### Task brief:
Restate word for word each line from the one containing "Doomos. VENTA O" through the end of the material, and nothing more. Drop every picture.

### Stored data:
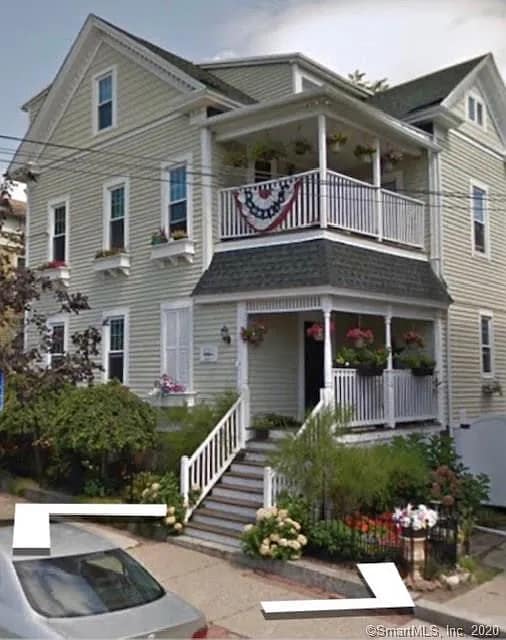 property at 7 Franklin St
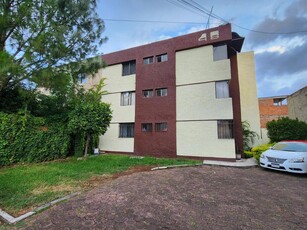 Doomos. VENTA O RENTA de Departamento remodelado en la Colonia Felix Ireta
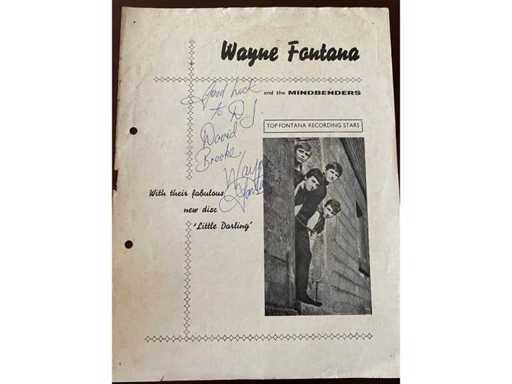 Gesigneerde pagina - programmaboekje Wayne Fontana and the Mindbenders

### Solution to this exercise:
 Doomos. VENTA O RENTA de Departamento remodelado en la Colonia Felix Ireta
 Gesigneerde pagina - programmaboekje Wayne Fontana and the Mindbenders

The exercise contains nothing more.